The hydrogen truckmaker said it has nothing to hide in and we will refute the allegations. Nikola also hired Kirkland & Ellis LLP, a law firm that often works with automakers, “to evaluate potential legal recourse, including with respect to the activist short seller and any others acting in concert.”
The report, “Nikola: How to Parlay An Ocean of Lies Into a Partnership With the Largest Auto OEM in America” by Nate Anderson, a CFA whose Hindenburg Research says it specializes in forensic financial analysis, helped drive an 11% drop in Nikola shares on Sept. 10. Among its accusations, the “breakthrough” battery system Nikola founder and Executive Chairman Milton said the company was working on last year doesn’t exist and the company has claimed to have designed technology and vehicle components purchased from other manufactures as its own. “We have never seen this level of deception at a public company, especially of this size,” Anderson said.
Nikola plunged 17% to $31.30 in morning Nasdaq trading.
The Hindenburg report came two days after Nikola’s surprise news of a far-ranging manufacturing and technological tie-up with General Motors. The largest U.S. automaker’s decision to partner with Milton’s ambitious but unproven startup to build its Nikola Badger electric pickups and supply batteries and fuel cells, while also taking an 11% stake, sent Nikola shares up 41% for the day.
The move boosts the odds Nikola, which won’t generate meaningful revenue for at least two years, can get its heavy-duty electric trucks into production (more or less) on schedule and take Elon Musk’s Tesla Semi in the race to commercialize zero-emission trucking. It also complements Nikola’s previous alliances with companies including Bosch, Meritor, European truckmaker Iveco, Nel Hydrogen and solar panel giant Hanwha.
Nikola’s decision to use GM’s battery system was a surprise because Milton had said last year the company was developing its own new chemistry that would be a breakthrough. On a call Sept. 8 conference call, he said it’s a near-term cost decision to use GM’s Ultium system, though “our next steps will be where I get together with with GM, and the other battery suppliers, and and talk about if (Nikola’s) technology could be utilized or implemented to help them drive down their costs as well.”
Nikola’s core business is to be semi-trucks powered by hydrogen fuel cells and batteries and a network of fueling stations to power them. The hydrogen is to be made by Nikola, relying mainly on electrolysis to extract the element from water using renewable electricity. The company has 14,000 orders for the emission-free trucks, led by beermaker Anheuser-Busch, with plans to begin delivering hydrogen models in 2023. Prior to that, it will sell battery-powered trucks produced with partner Iveco in Europe, and is building a plant in Arizona to produce its Nikola One, Two and Tree models.

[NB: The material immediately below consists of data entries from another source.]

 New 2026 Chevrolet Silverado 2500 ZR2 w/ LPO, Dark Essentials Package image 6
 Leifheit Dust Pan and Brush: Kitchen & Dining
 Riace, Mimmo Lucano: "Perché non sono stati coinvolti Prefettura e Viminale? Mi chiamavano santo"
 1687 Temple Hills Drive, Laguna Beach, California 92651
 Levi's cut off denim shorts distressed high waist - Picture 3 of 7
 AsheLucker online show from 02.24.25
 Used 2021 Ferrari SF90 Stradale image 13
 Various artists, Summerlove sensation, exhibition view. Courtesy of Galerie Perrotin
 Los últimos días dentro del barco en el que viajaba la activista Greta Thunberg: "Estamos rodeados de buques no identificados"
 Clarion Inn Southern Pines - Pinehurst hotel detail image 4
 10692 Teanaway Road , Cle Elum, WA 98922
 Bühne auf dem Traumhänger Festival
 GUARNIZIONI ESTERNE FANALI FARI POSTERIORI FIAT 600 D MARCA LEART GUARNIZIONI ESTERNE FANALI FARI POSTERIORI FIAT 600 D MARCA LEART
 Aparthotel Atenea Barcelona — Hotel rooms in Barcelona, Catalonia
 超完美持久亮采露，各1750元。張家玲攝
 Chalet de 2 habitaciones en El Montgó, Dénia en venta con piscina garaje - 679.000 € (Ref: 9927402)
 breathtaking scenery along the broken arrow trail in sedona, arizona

“Yesterday, an activist short-seller whose motivation is to manipulate the market and profit from a manufactured decline in our stock price published a so-called “report” replete with misleading information and salacious accusations directed at our founder and executive chairman. To be clear, this was not a research report and it is not accurate. This was a hit job for short sale profit driven by greed.
We have nothing to hide and we will refute these allegations. They have already taken up more time and attention than they deserve. We have retained leading law firm Kirkland & Ellis LLP to evaluate potential legal recourse, including with respect to the activist short seller and any others acting in concert.
Nikola also intends to bring the actions of the activist short-seller, together with evidence and documentation, to the attention of the U.S. Securities and Exchange Commission.
We respect the rights of investors and the integrity of the market and will be back to you after we have advanced the process with the SEC.
Most importantly, Nikola remains focused on delivering on the promises we’ve made to our stakeholders.”